On the “spirit” versus “letter” argument, Epic puts forward a version of what the Ninth Circuit actually held. Epic states: “Contrary to Apple’s premise. the Ninth Circuit did not hold Apple in contempt on the theory that the text of the injunction allowed Apple’s commission. but the spirit of the injunction prohibited it.”.
Epic also describes how the original injunction worked in practice. It says the original injunction against Apple pertained to anti-steering practices, and that Apple dismantled those practices as requested. But Epic argues the violation was found not in anti-steering being ignored—rather. in how Apple “enabled steering through a permission structure.”.
Crucially for Epic’s argument. it says the order “mentioned nothing about how much Apple’s commission is. should be. or if it is allowed to charge one.” When Epic says Apple was violated for the newly applied commission. it insists that happened in the “spirit. ” not through some expansion beyond what was written.
Apple disputes that reading.
Epic also attacks Apple’s second theme. involving what Epic calls the “CASA exception declaration.” Epic says: “Apple’s contention that the Ninth Circuit created an exception to CASA is inexplicable. The panel held that the ‘test ‘is whether an injunction will offer complete relief to the plaintiffs before the court. ’’ quoting the very test from CASA that Apple insists applies.”.

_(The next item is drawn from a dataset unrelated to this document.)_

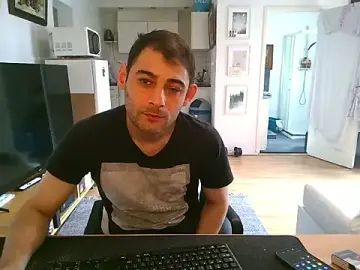 Stripchat Live Sex Cam of mihaimichael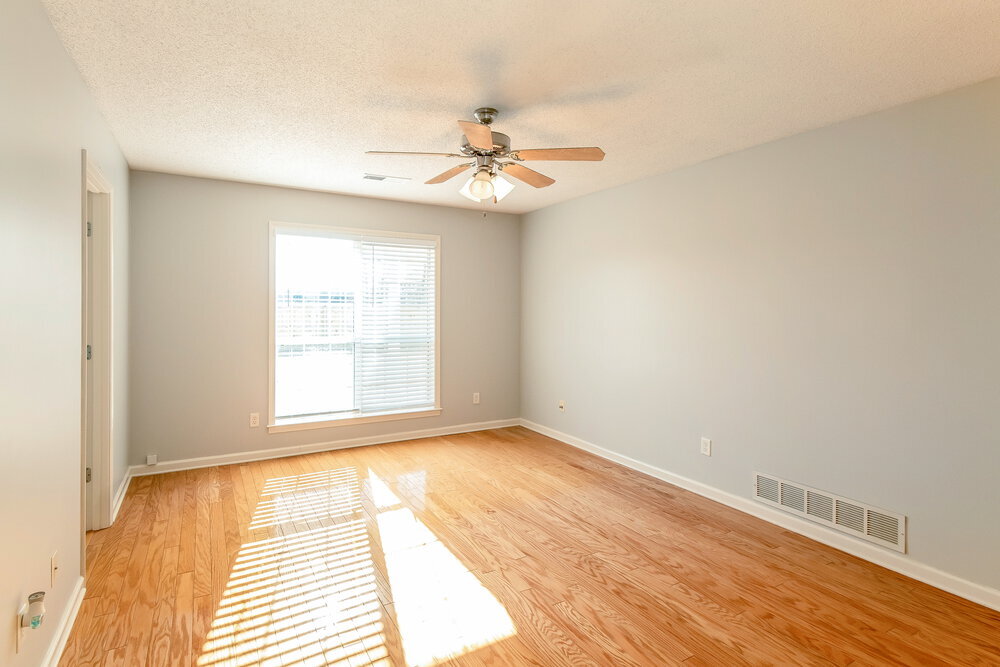 Building Photo - 1253 Greenwich Dr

Here, Epic frames the issue around who the injunction should have covered. Apple argues, according to Epic, that this was not a class action lawsuit, so the original injunction should have included only Epic. Epic says that position is backed by the CASA case.
Epic says Apple is wrong.
The filings leave the immediate outcome with the Supreme Court. Epic says Apple’s arguments don’t hold up; Apple says the lower courts got the injunction wrong on both scope and standards for enforcement. The only certainty is that the justices now have to decide whether Apple’s challenges can undo the remainder of the case.
A decision is expected sometime in June at the earliest.
Apple Epic Games Supreme Court appeal anti-steering injunction CASA commission Ninth Circuit spirit vs letter 35-page filing June decision
So Apple is trying to keep the door open at the Supreme Court or something? This is all too much.
I don’t even get the “letter vs spirit” thing. Isn’t it just.. following the rules? If Epic “dismantled” stuff then why are we still here?
Epic keeps saying Apple misreads the lower court, but Apple’s probably like “we did not.” Meanwhile regular people are just trying to buy stuff in Fortnite and don’t care about injunction math or whatever. Sounds like both sides want the Supreme Court to pick winners.
Ninth Circuit this, CAS that, 35 pages PDF… bruh nobody reads it. I’m pretty sure Apple already “won” in the real world by forcing developers to do what they want, and Epic is just mad. Also “anti-steering” sounds like they’re steering you away from something, so idk. Supreme Court better just dismiss the whole thing already.